A Universal Constant

By John Van Mater, Jr.

What incomprehensible force keeps the stars in their courses, and the atoms in theirs? It is awesome to contemplate that everything known and unknown in the heavens and on earth follows a cosmic harmony, its forces holding and guiding their natural paths while sustaining the dynamic evolving universe.

Is it so simple to explain away all this as resulting only from physical laws and causes? Does nature operate solely by chance? Life is far deeper and more profound when we recognize the existence of consciousness as a universal constant. All nature manifests infinite variations of the marvelous qualities of consciousness -- of will, desire, intelligence, love, and many others. The universe is alive, full of design and purpose, and outer phenomena are produced by inner causes of being. Everything, even space surrounding universes, is alive! The mystery of the essence and origin of life emanates from the divine.

Look at all the inherent qualities of consciousness in the kingdoms of nature which are in accord with their natural environments. Within its realm, the atom sings vibratory notes of attraction and repulsion. There is a similar music among the spheres and galaxies and beyond. Birds sing melodic notes in response to life. All beings learn and evolve, creating their own harmonies which come from spirit. Can we easily deny the existence of soul and spirit in the innocent eyes of a child?

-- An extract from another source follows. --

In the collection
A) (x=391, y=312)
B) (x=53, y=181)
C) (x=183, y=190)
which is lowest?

Why not see the same in the gleam of a crocodile's eye or the fire in a tiger's? The intelligent bee knows how to find the best blossoms. Plants, too, respond by flowering with great beauty and producing fruits, while rocks possess a very subtle awareness. Nature is filled with divine lives reflecting the mystery of the one cosmic life in a multitude of forms. There is also the spiritual capacity of human consciousness to realize its divine oneness with all beings, resulting in a deep abiding love and compassion.